The company is modeling its hiring program after the city's 2-year-old 30% rule -- a requirement that public-sector projects set aside 30% of the work for minority and women-owned businesses.
But in this case, the quota will be self-imposed.
Stein & Co.'s move is the latest sign that mandatory minority hiring for public-sector projects is spilling over into private development.
Beyond giving minority firms more public-sector work, Mayor Harold Washington's edict is helping to fuse new partnerships between majority-and minority-owned real estate firms.

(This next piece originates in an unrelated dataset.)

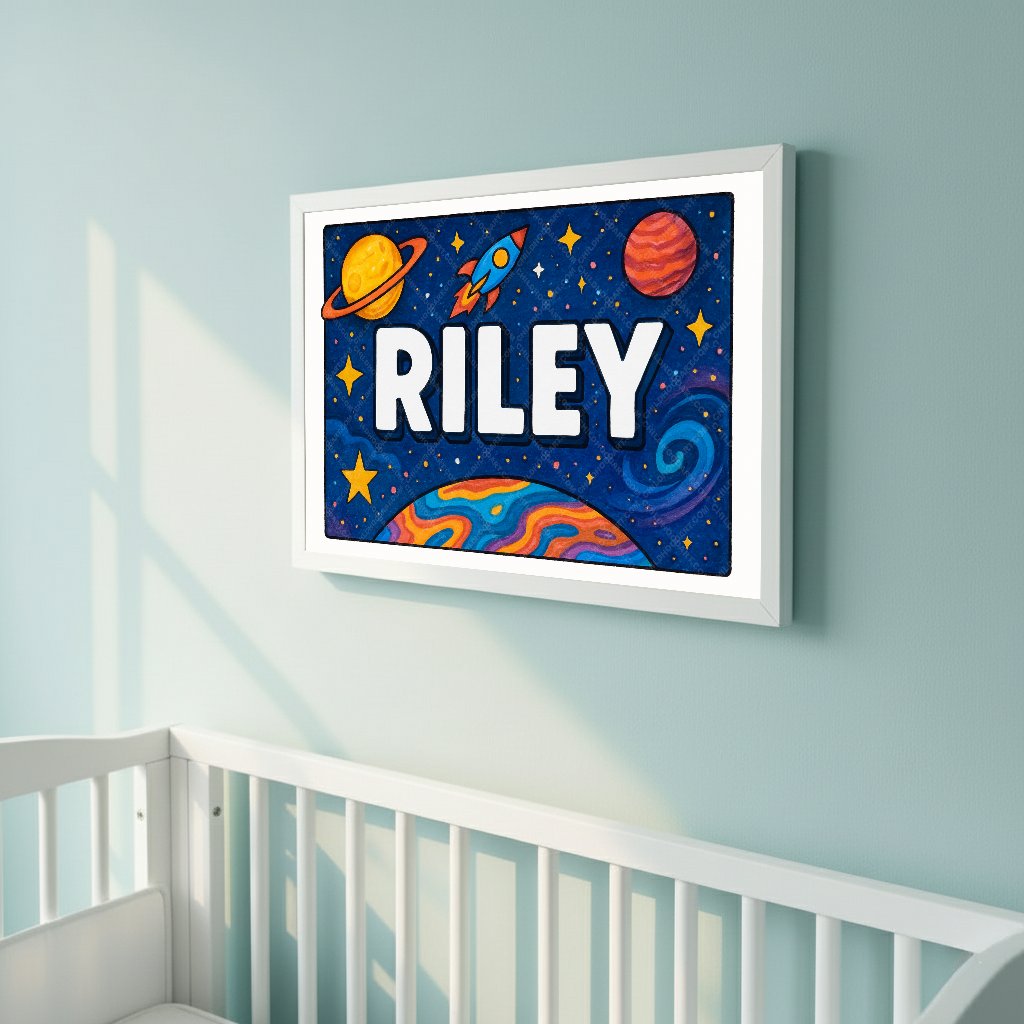 Personalized space name art for Riley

After two years riding the wave of Mayor Washington's minority quota system, minority companies in the design, engineering, architectural and construction fields are making significant inroads into the city's more traditional real estate community.
"We have not been sitting in the club rooms and board rooms and so have not had the hands reach out to us in the past to work on many private-sector projects," explained Vernon Williams, president of Amistad Group Inc., a minority-owned architectural firm. "Mayor Washington provided an institutional hand."
Executives at some of the largest real estate development and architectural firms say their firms now regularly work with minority companies. And many of those firms are starting to commit to actual quotas on large private jobs.
* Equitable Real Estate Investment Management Inc. and Chicago Dock & Canal Trust, the developers of Cityfront Center, last month announced details of a comprehensive affirmative action plan, including purchasing and contracting opportunities...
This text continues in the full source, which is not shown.